Avoid Using Excel XLS Files As A Data Source
/Power Query in both Power BI and Excel can use all Excel file formats as a data source, including the old 2003 format that ends in XLS. Most of the time, this works fine, but I recently hit an issue that consistently returned incorrect results.
Microsoft replaced the XLS format over a decade ago when Office 2007 launched with the new .XLSX format, but there are still companies that use the older XLS format. I frequently get data exported from a national payroll service that offers the XLS file format as the only spreadsheet based format.
It turns out that if data is formatted a certain way in the XLS file, Power Query will return the wrong value. Look at the data below.
Column A has integers 1-4, and then a negative 5. Column B is simply a list of formulas pointing to column A, but it is formatted with the number format 0.00;[Red]0.00 which is a normal format in the Number section. It just shows the number in red with no negative sign. I’m not sure why anyone would format a number this way. A negative number needs to either have a negative sign or be in parenthesis, but I’ve seen a lot of people use this, and this national payroll provider’s systems are programmed to use for all numerical data.
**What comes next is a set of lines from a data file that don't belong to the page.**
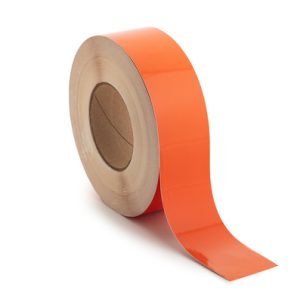 Label, weather resistant/chemical resistance, orange, thermal transfer print, 50.8mm, 76.20m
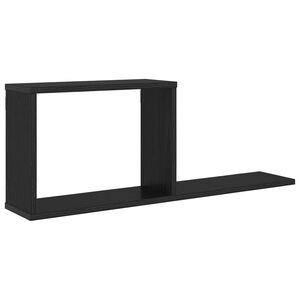 vidaXL Flytande hyllor Svart ek 80 x 15 x 30 cm Konstruerat tr&auml;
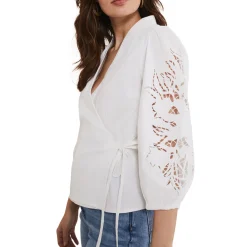 Hot Kacey Broderie Anglaise Blouse Women Tops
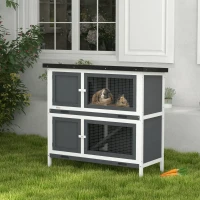 PawHut Double Decker Rabbit Hutch 2 Tier Guinea Pig House Pet Cage Outdoor with Sliding-out Tray, 100 x 47 x 91cm, Grey(m-10)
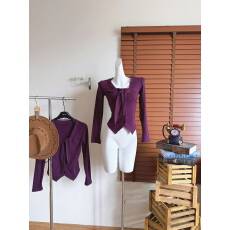 批发纯欲风紫色针织<b class='q'>衬衫</b>女早秋蕾丝花边v领长袖<b class='q'>衬衣</b>收腰显瘦辣妹上衣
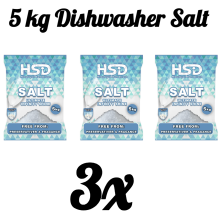 HSD Dishwasher Salt With 5X Power Actions Limescale Protection 5kg Bags [3 Pack]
If the file is a 2007 or later format, this is no problem. But oddly enough, Power Query doesn’t see it that way in the XLS format. Power Query sees the below data when you connect to the file. Here is what it looks like when you start the import process:
You can see this is not just a visual issue. I added a column called “Addition” that just adds the values in [Regular Number] to [Special Format]. The positive numbers 1-4 added correctly, but -5 was added to 5 (instead of -5) returning the incorrect result of 0. It should be -10.
There is no fix for this. I’ve contacted Microsoft’s Power BI team and they confirmed it but understandably weren’t going to commit to spending a lot effort to fix a file format that was discontinued years before Power BI was first released.
Those of you that are a bit more savvy in working with XLS files might be thinking “Well, of course. To fully support XLS files you need to have the 2010 MIcrosoft Access Data Engine files installed.” If you’ve ever worked with Microsoft Access files in Power BI you have these files. And yes, the ACE engine does have some addition support for XLS beyond what Power Query supports natively, but it does not fix this issue. There are at least two workarounds for this:
Save the file as an XLSX file or move the tab with the data you need into an existing XLSX file.
Change the format, or better yet, remove all formatting. As long as the negative sign is visible to the human eye, then Power Query will see it as well.
It took me about an hour to figure out why a report I recently wrote was returning bad data. As you can imagine, the number format was the last thing I would consider to be an issue. I don’t know if this is the only issue with XLS files, but going forward, I am putting filters into my queries that will filter out XLS files before any File/Combine operations are done with Excel files, and fully documenting processes to save all files as XLSX before storing them in network, SharePoint, or Azure DataLake folders.
If you have XLS files in your workflow, you should consider doing the same. You never know what data formatting landmine lurks in that ancient file format that Power Query will read incorrectly.